Securities Exchange Act of 1934

 

Date of Report (Date of earliest event reported): February 18, 2012

 

WYNN RESORTS, LIMITED

(Exact name of registrant as specified in its charter)

Nevada

000-50028

46-0484987

(State or other jurisdiction
of incorporation)

(Commission File Number)

(I.R.S. Employer
Identification No.)

 

 

3131 Las Vegas Boulevard South

Las Vegas, Nevada


89109

(Address of principal executive offices of the registrant)

(Zip Code)

 

 

(702) 770-7555

 

(Registrant’s telephone number, including area code)

 

 

 

Not Applicable

 

(Former name or former address, if changed since last report)

 

     


Check the appropriate box below if the Form 8-K filing is intended to simultaneously satisfy the filing obligation of the registrant under any of the following provisions:

£

Written communications pursuant to Rule 425 under the Securities Act (17 CFR 230.425)

£

Soliciting material pursuant to Rule 14a-12 under the Exchange Act (17 CFR 240.14a-12)

£

Pre-commencement communications pursuant to Rule 14d-2(b) under the Exchange Act (17 CFR 240.14d-2(b))

£

Pre-commencement communications pursuant to Rule 13e-4(c) under the Exchange Act (17 CFR 240.13e-4(c))

 


 

 

Item 1.01.       Entry into a Material Definitive Agreement.

On February 18, 2012, the Board of Directors of Wynn Resorts, Limited (the “Company”) determined that Aruze USA, Inc. (“Aruze”), Universal Entertainment Corporation and Mr. Kazuo Okada, a member of the Board of Directors of the Company, are “unsuitable” under the provisions of the Company’s Articles of Incorporation.  As a result of the finding of unsuitability, the Company issued to Aruze on that date a promissory note (the “Note”) in redemption of Aruze’s 24,549,222 shares of the Company.

The Note has a principal amount of $ 1,936,442,631.36 , matures on February 18, 2022 and bears interest at the rate of 2% per annum, payable annually in arrears on each anniversary of the date of the Note.  The Company may, in its sole and absolute discretion, at any time and from time to time, and without penalty or premium, prepay the whole or any portion of the principal or interest due under the Note.  In no instance shall any payment obligation under the Note be accelerated except in the sole and absolute discretion of the Company or as specifically mandated by law.  The indebtedness evidenced by the Note is and shall be subordinated in right of payment, to the extent and in the manner provided in the Note, to the prior payment in full of all existing and future obligations of the Company or any of its affiliates in respect of indebtedness for borrowed money of any kind or nature. 
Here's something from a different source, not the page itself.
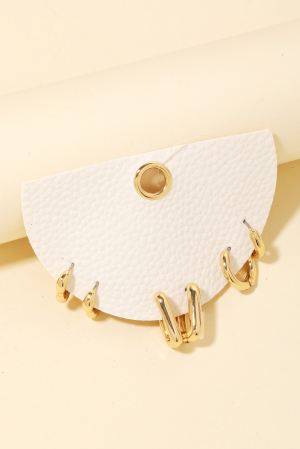 Assorted Metallic Hoop Earrings Set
The foregoing summary of the Note does not purport to be a complete description of all of its terms and is qualified in its entirety by the full text of the Note, which is filed as Exhibit 10.1 to this Current Report on Form 8-K and incorporated herein by reference.

Item 2.03.       Creation of a Direct Financial Obligation or an Obligation under an Off-Balance Sheet Arrangement of a Registrant.

The information set forth in Item 1.01 is incorporated into this Item 2.03 by reference.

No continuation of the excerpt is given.